EXERCISE REQUIREMENTS:
Pictures stay out of the copy. Retype exactly the lines below from the one with "Cách làm pizza" through the one with "Kitsure Over The".

THE INPUT:
▶

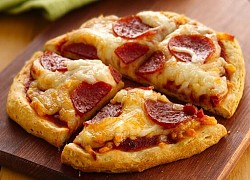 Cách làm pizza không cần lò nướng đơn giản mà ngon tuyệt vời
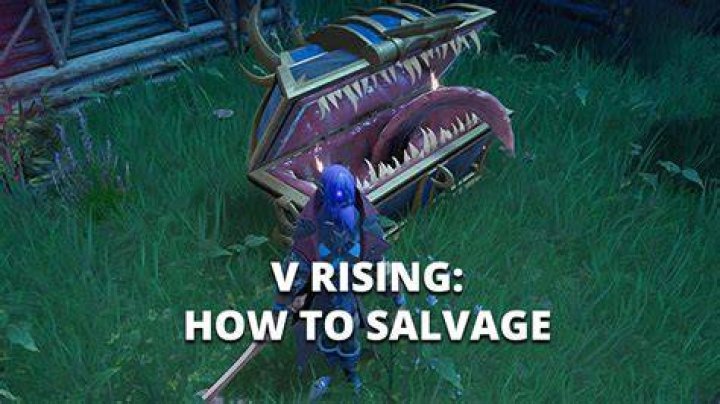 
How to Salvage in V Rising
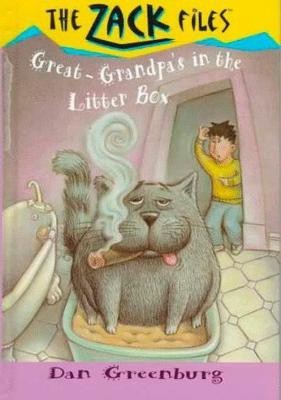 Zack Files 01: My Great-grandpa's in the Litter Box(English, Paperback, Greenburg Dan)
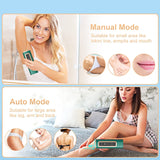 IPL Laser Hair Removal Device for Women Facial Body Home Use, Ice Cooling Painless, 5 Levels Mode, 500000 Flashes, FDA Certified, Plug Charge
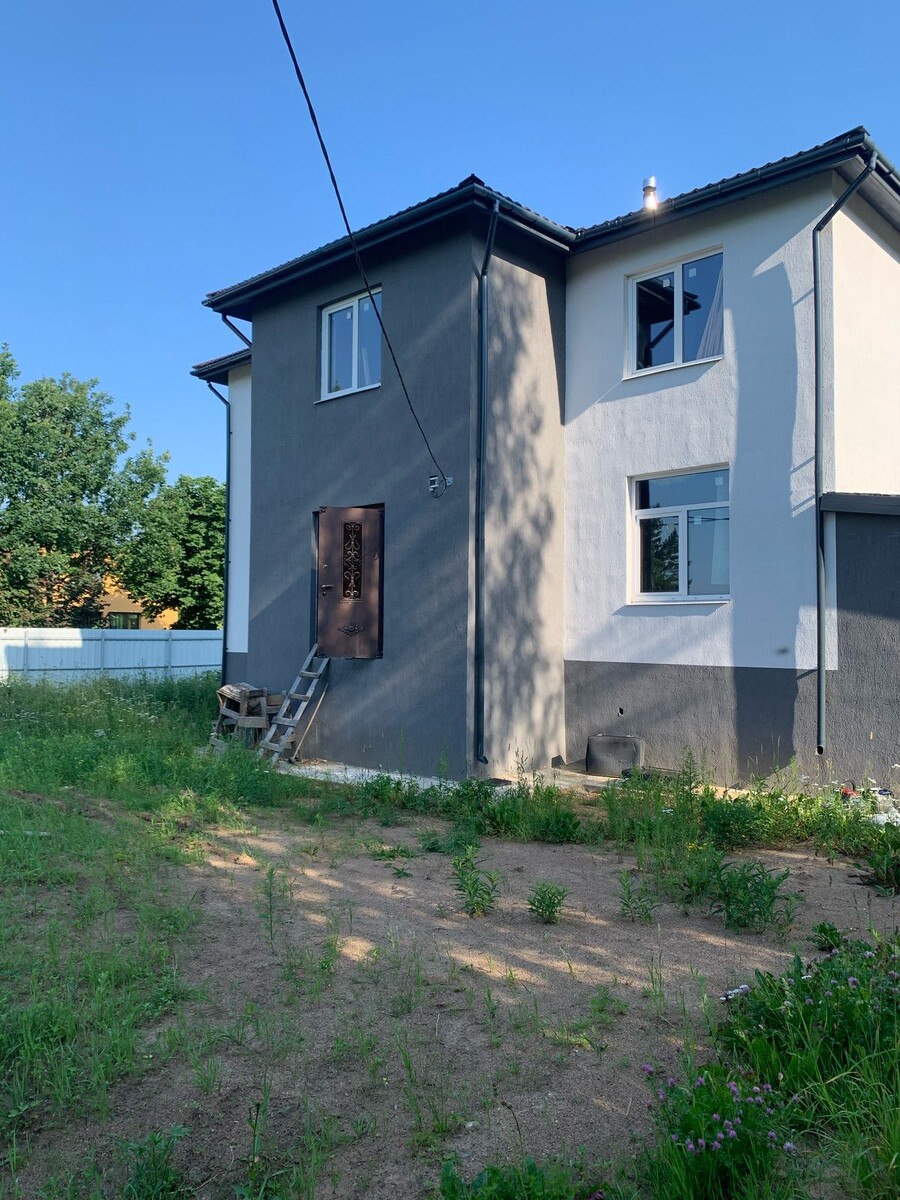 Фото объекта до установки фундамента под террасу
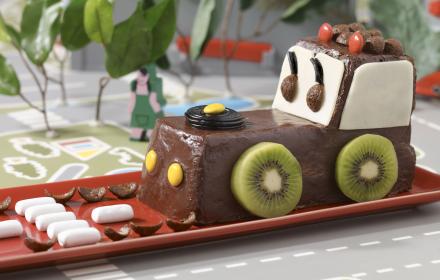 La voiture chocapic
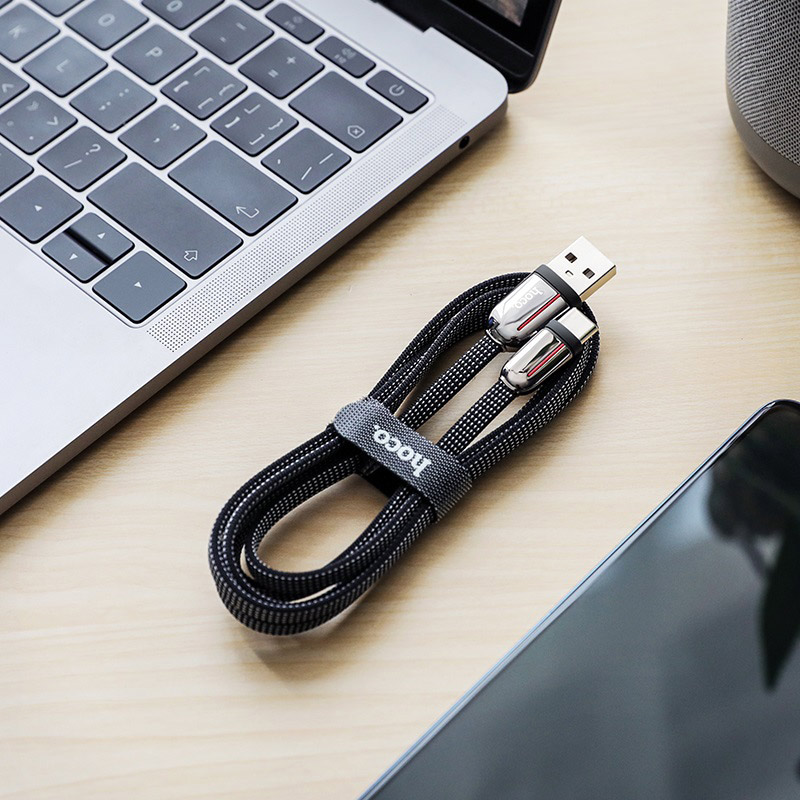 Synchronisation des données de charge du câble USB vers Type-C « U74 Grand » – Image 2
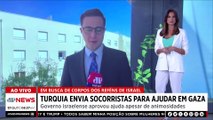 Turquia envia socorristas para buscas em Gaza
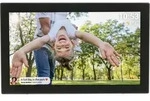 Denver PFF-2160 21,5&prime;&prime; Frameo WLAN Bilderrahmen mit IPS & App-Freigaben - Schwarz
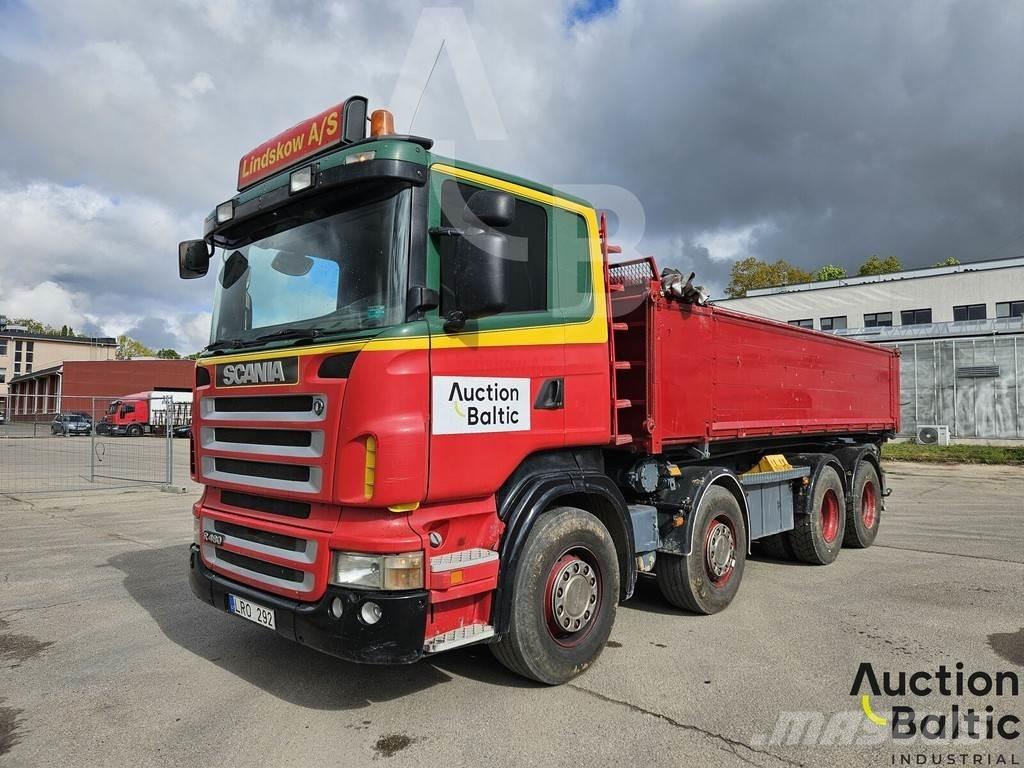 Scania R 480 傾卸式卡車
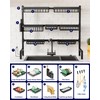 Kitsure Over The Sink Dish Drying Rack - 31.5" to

◀
▶

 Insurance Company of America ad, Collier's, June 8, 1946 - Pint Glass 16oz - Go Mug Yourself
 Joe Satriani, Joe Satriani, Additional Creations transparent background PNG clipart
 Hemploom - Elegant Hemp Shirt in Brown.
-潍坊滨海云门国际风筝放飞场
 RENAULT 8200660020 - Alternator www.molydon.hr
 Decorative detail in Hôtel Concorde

◀
▶

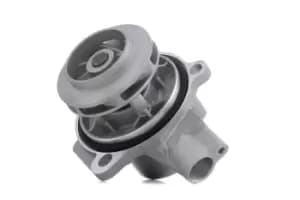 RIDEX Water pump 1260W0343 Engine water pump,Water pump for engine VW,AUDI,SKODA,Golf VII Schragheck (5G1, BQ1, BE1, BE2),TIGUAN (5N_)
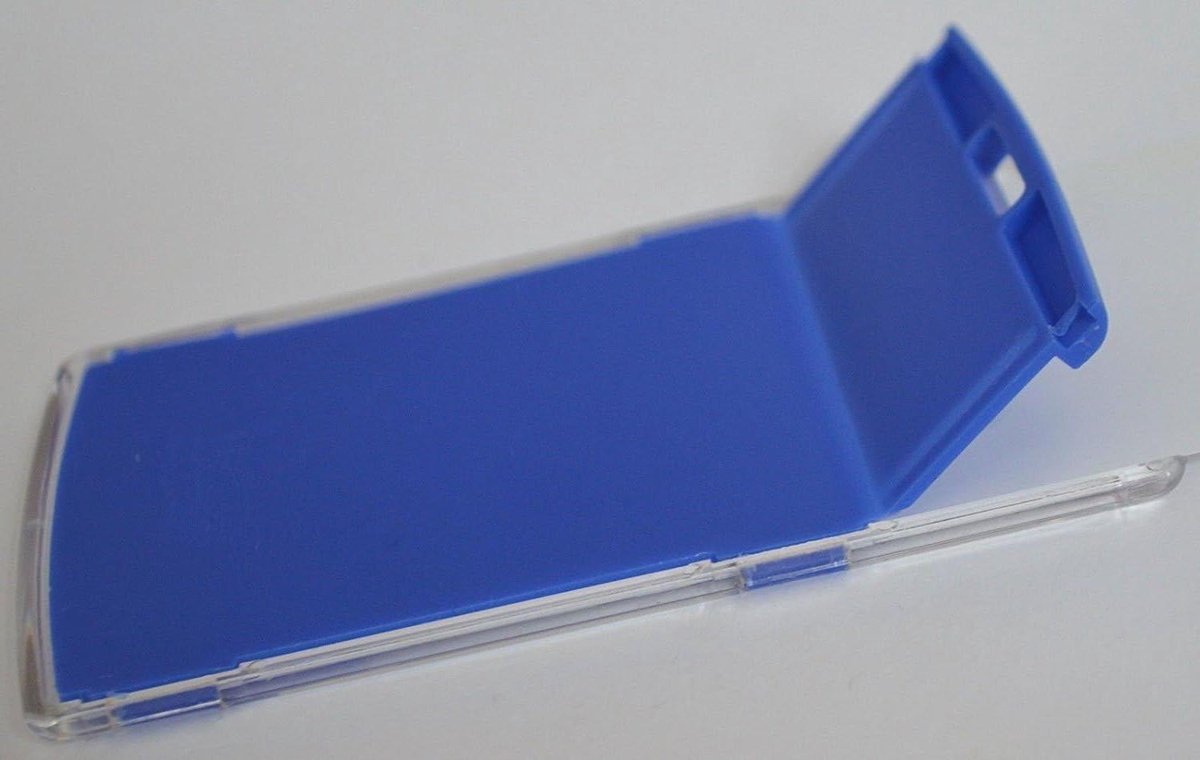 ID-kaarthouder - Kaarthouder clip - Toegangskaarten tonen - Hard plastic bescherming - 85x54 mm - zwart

◀

PROBLEM SOLUTION:
 Cách làm pizza không cần lò nướng đơn giản mà ngon tuyệt vời
How to Salvage in V Rising
 Zack Files 01: My Great-grandpa's in the Litter Box(English, Paperback, Greenburg Dan)
 IPL Laser Hair Removal Device for Women Facial Body Home Use, Ice Cooling Painless, 5 Levels Mode, 500000 Flashes, FDA Certified, Plug Charge
 Фото объекта до установки фундамента под террасу
 La voiture chocapic
 Synchronisation des données de charge du câble USB vers Type-C « U74 Grand » – Image 2
 Turquia envia socorristas para buscas em Gaza
 Denver PFF-2160 21,5&prime;&prime; Frameo WLAN Bilderrahmen mit IPS & App-Freigaben - Schwarz
 Scania R 480 傾卸式卡車
 Kitsure Over The Sink Dish Drying Rack - 31.5" to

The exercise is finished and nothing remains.